So I destroyed my blog. On accident. Perhaps a happy, fortuitous accident. Over the course of the last 6 months I have been re-everythinging in my world. Basically I have been rebuilding my entire life from damn near scratch. The thing is, the tumult has probably been the best thing to ever happen to me. I considered just ending this blog and only concentrating on my blog, Musical Chairs, that concentrates on mental health and chronicles dealing with bipolar disorder. However, I remembered the joy and release this blog is to me. This has been my space to release through poetry, silliness, musings about love, and passion for music. I am glad to be back with a new look and new perspective.
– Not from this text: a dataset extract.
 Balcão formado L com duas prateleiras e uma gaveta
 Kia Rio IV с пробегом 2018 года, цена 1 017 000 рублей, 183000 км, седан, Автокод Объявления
Love you all!
If that’s okay to say
Sometimes I mess up salutations
I mean sometimes I am good at hellos
But I seem to be extra proficient at goodbyes
I rock those
but strangely, it’s progress.
There was a time when I could meet, fuck, fall in and out of love with, and leave you
before I ever spoke a word… to you.
what’s that called
oh yeah, avoiding the situation and making my own convoluted story
like my garden omelette with no tomatoes, coffee, and hash browns with onions
my imagination works when it wants to
not for breakfast though
but i digress
but still don’t move on
So ready for the letter, afraid of the content, threatening to disturbing your norms
blank pages are safe
So I carry around empty notebooks and hold them close to my chest
Bleeding hearts are just metaphors
pressure won’t beat the words into submission
Words don’t like to be told what to do
they do what they want
they only stand down to block
Just when I need the fight, they retreat.